MH17 probe releases new phone calls linking suspects to top Russians
THE HAGUE (AFP) – A Dutch-led probe into the shooting-down of flight MH17 over Ukraine in 2014 released new intercepted phone calls on Thursday (Nov 14) between high-ranking Russian officials and suspects facing trial over the crash.
Investigators said they were making a “new witness appeal” based on “recorded telephone calls between the leaders of the DPR (Donetsk People’s Republic, a separatist group) and high-ranking Russian officials.”
“Ties between Russian officials and DPR leaders appear to have been much closer” than originally believed, Andy Kraag, the head of Dutch police’s Criminal Investigations Division, said in a video statement.
Investigators said in June that they were going to put three Russian nationals and one Ukrainian on trial in the Netherlands in March 2020 over the downing of the Malaysia Airlines jet, although they will likely be tried in absentia.
The Boeing passenger plane travelling from Amsterdam to Kuala Lumpur was shot down by a Russian-made BUK missile in 2014 over eastern Ukraine.
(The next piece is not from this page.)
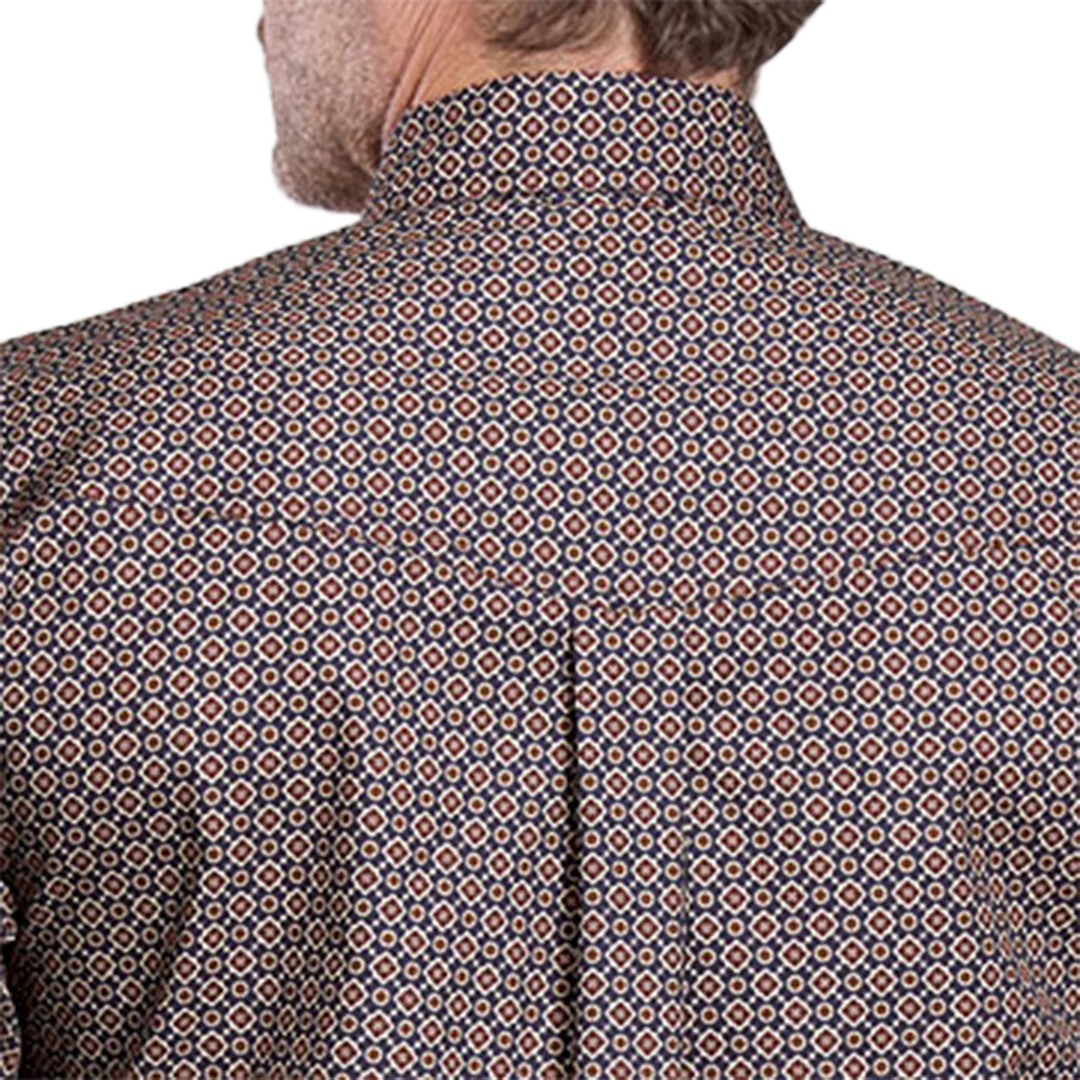 Roper Men's Amarillo Collection Allover Printed Long Sleeve Button Shirt - Image 2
All 298 people on board were killed.
Investigators said on Thursday they had now established that Russian officials and the Ukrainian rebels used secure communications that “appear to be provided by the Russian security service FSB”.
The special phones were “used by Russian top officials in their contact with the fighters”, said David Nelson, senior investigations officer with the Australian Federal Police.
“We have released recorded conversations they had about administrative, financial and military business,” Nelson added.